Simple template to get up and running with a spark-submit job in the cluster in under 10 mins :P

Primary LanguageScalaMIT LicenseMIT

Spark-Scala Sbt Template

This is a sample Spark job written in Scala running computation on dummy sales data. The sales data is provided as a CSV file. Check how to run locally below to trigger a test run.

Requirements:

scala, sbt

Configuration

default settings in build.sbt file, change according to your project.
name := "SampleSparkSubmitTemplate",
version := "2.0",
scalaVersion := "2.12.0",
assemblyJarName in assembly := "Adnan.jar",
mainClass in Compile := Some("com.adnan.emr")

How to compile:

  1. git clone https://github.com/adnanalvee/Spark-Scala-Sbt-Template.git
  2. Open with any text editor or IDE of your choice and start writing code.
  3. Once done, open a terminal and type sbt assembly .
  4. Your required JAR will be now in the target folder of the repo.

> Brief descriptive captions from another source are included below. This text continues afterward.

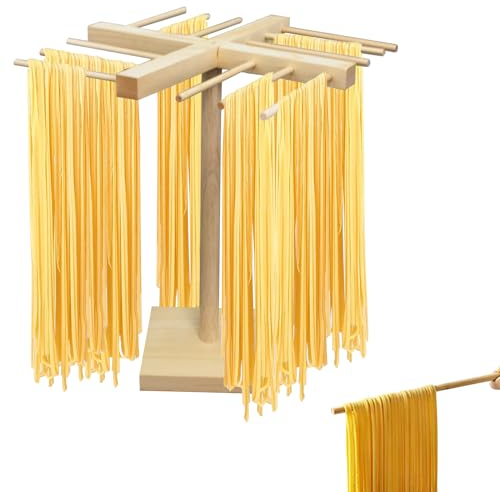 KeaJuidy Secador de Pasta en Madera Soporte para Secado de Pasta Estante de Fideos Noodle Rack Estante de Secado de Pasta para Fideos Hechos a Mano Espaguetis Ramen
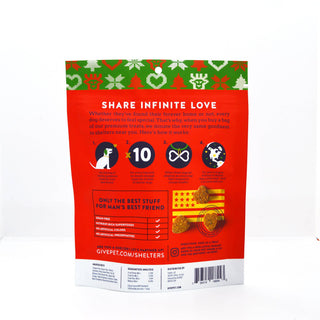 Dog treat bag: Pugly Sweater Party holiday treats in red packaging with green festive top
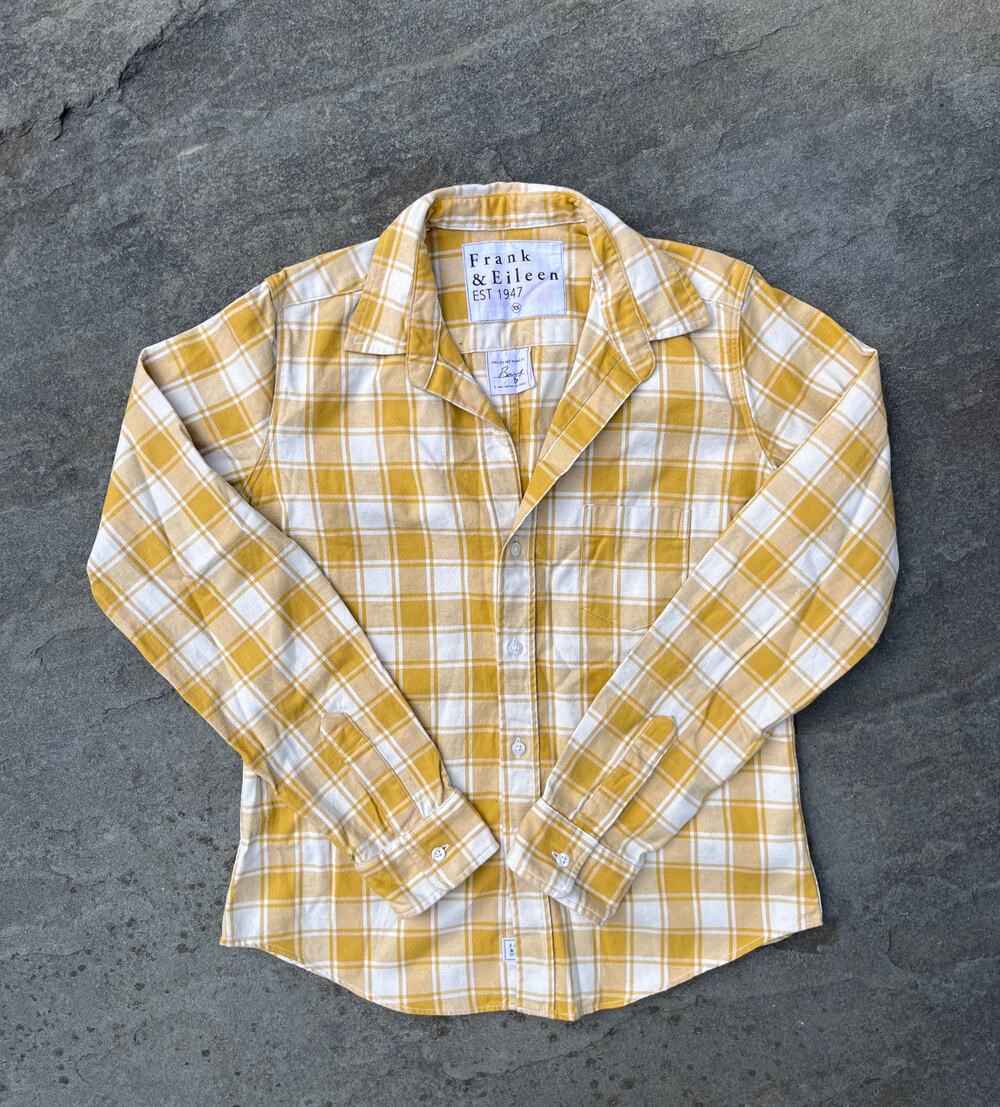 Frank & Eileen Barry Cotton Shirt Yellow White Check Plaid Button Down Italy XS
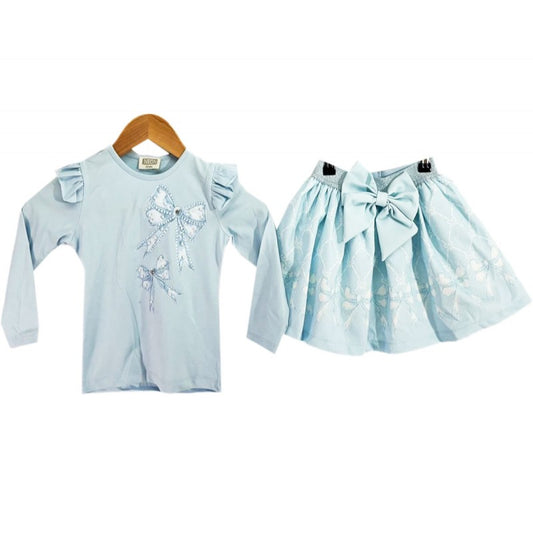 Girls Skirt Set With Embellished Bow Print- Sky Blue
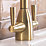 Streame by Abode Zermat Swan Dual-Lever Mono Mixer Brushed Brass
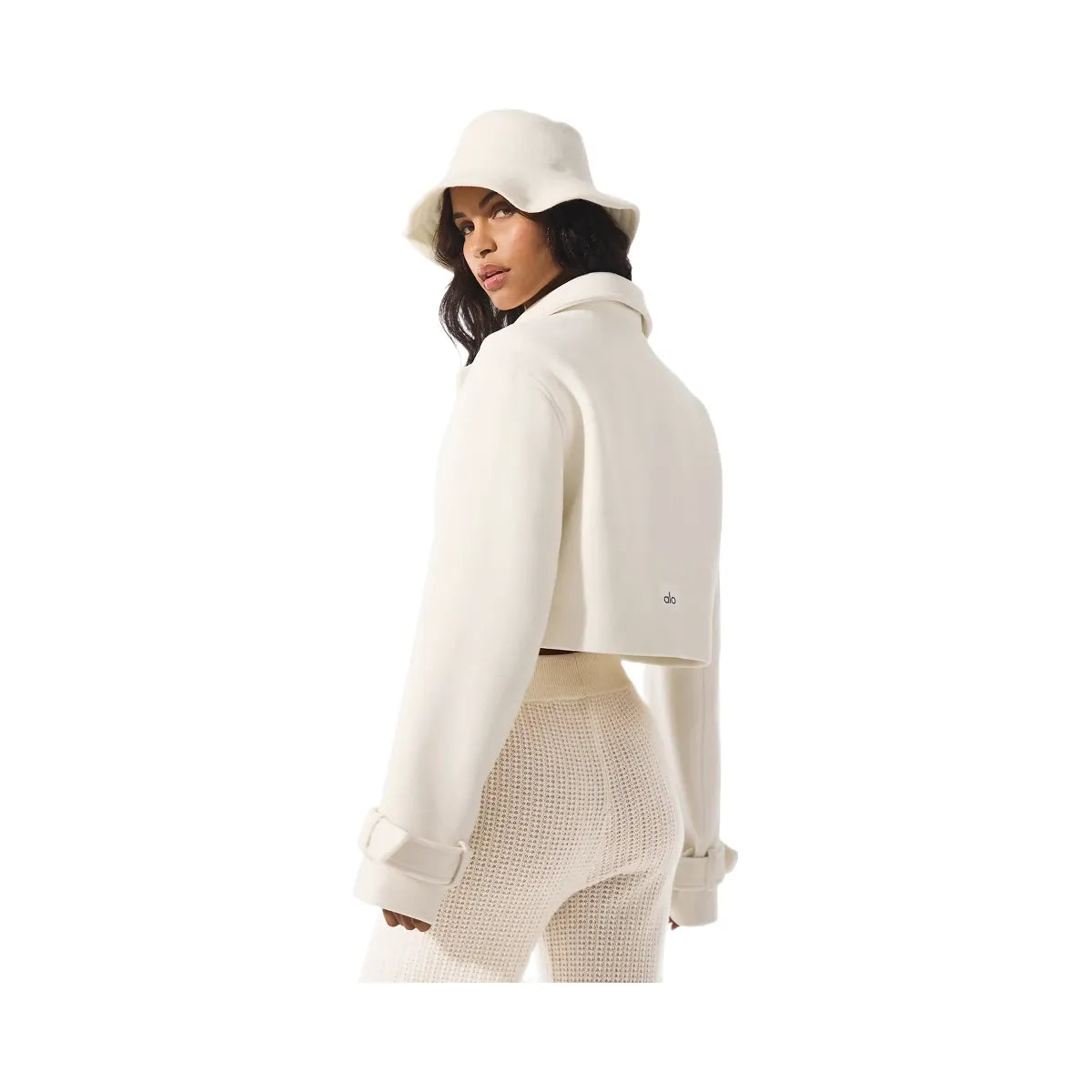 Alo Women's Wool Cropped Metro Trench - Ivory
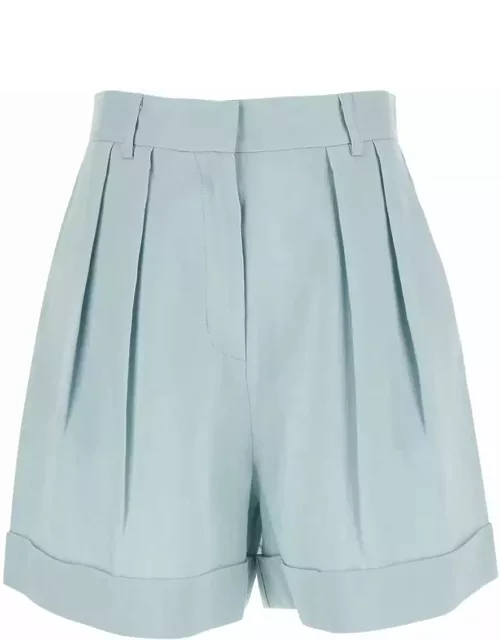 The Andamane Light Blue Shorts With Pinces In Linen Blend Woman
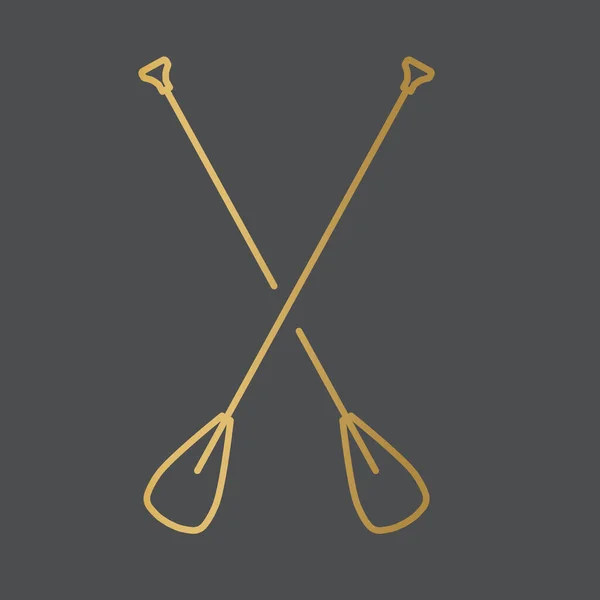 Oro Sup Paddle Board Remos Icon Vector Ilustración — Vector de stock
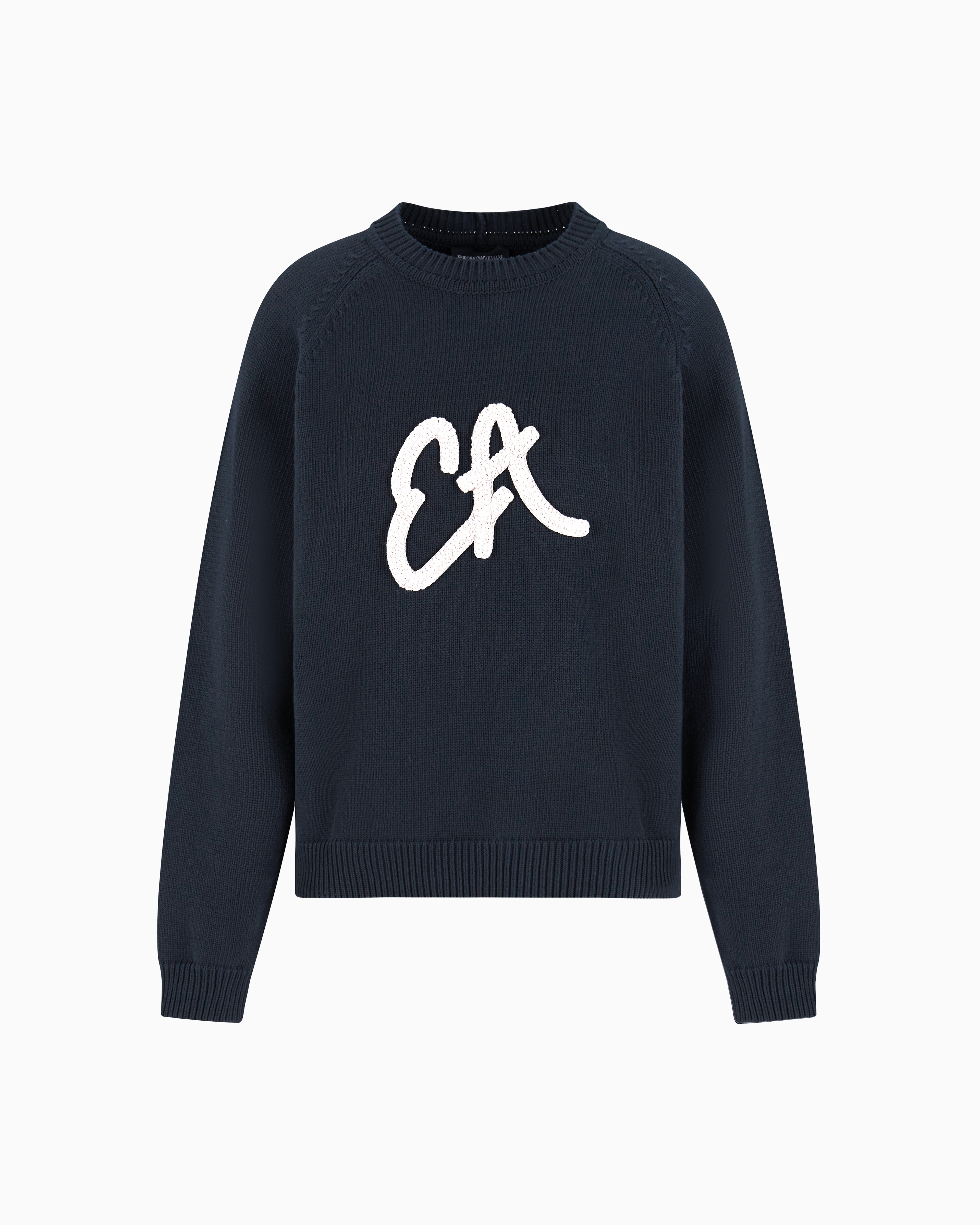 Emporio Armani - Icon jumper with oversized EA logo, Woman, Navy Blue, Size:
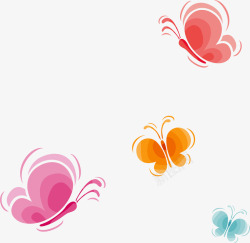 蝴蝶漂浮彩色蝴蝶漂浮矢量图高清图片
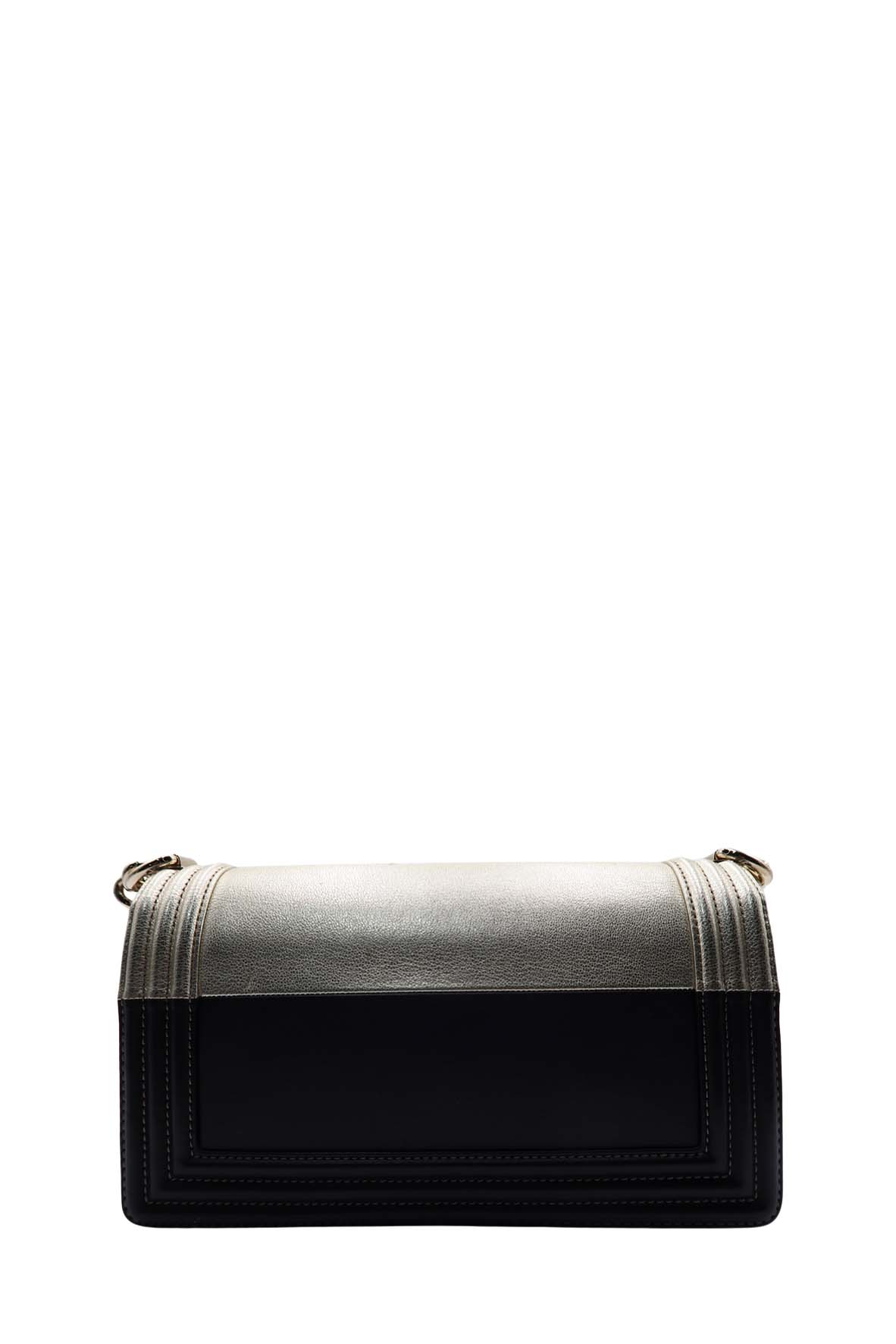 Bicolour Medium Boy Flap Bag Gold, Black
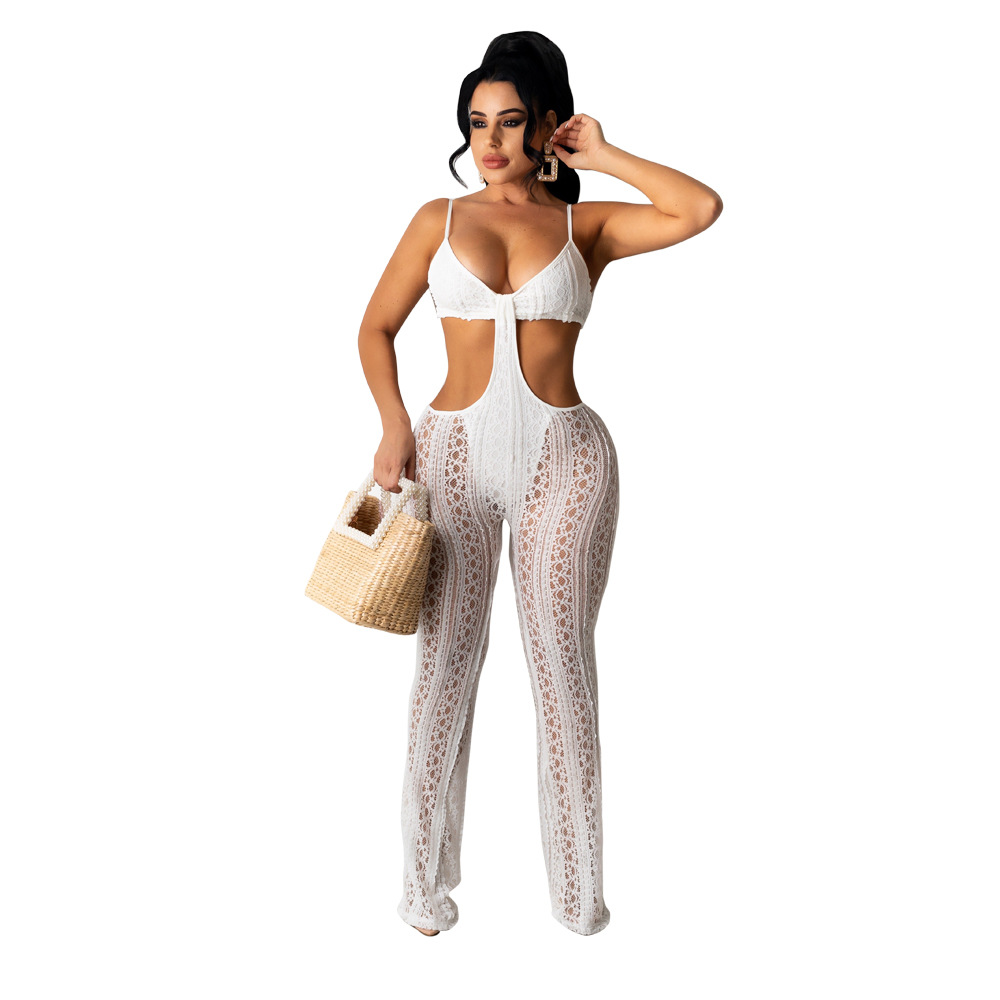 Lace Tube Top Suspender Jumpsuit NSTRS94581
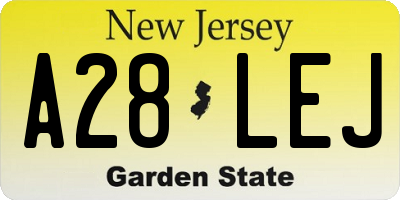 NJ license plate A28LEJ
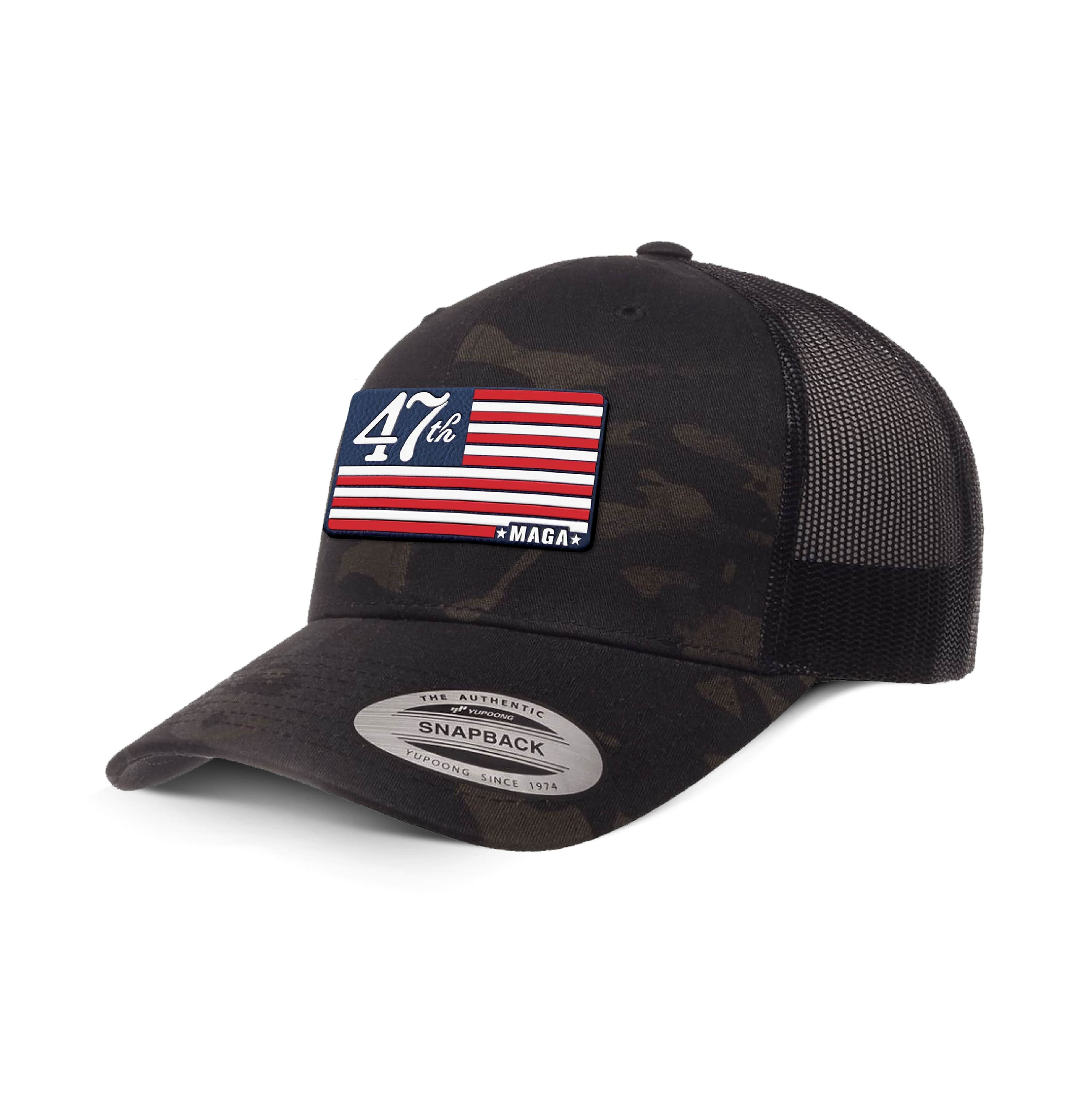 Adjustable Snapback Trucker Cap / Black Multicam MAGA 47 Retro Trucker Hats maga trump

How to run as is locally (using homebrew for MacOS):

  1. Install homebrew in mac
  2. Run 'brew install apache-spark' (This will install apache spark locally in your desktop)
  3. Go to the code directory > target/scala-2.12
  4. Run the following command from the directory changing the location parameters as per your environment. spark-submit
    --master local
    --driver-memory 2g
    --executor-memory 2g
    --class com.adnan.emr.ProfitCalc
    /Users/yourprofile/prefix/spark-scala-sbt-template-master/target/scala-2.12/SparkProfitCalc.jar
    /Users/yourprofile/prefix/spark_launcher/bin/spark_code/spark-scala-sbt-template-master/target/scala-2.12/sales_data.csv
    /Users/yourprofile/prefix/spark_launcher/bin/spark_code/spark-scala-sbt-template-master/target/scala-2.12/output
  5. Once the code runs successfully, you find the output in the output directory under target/scala-2.12.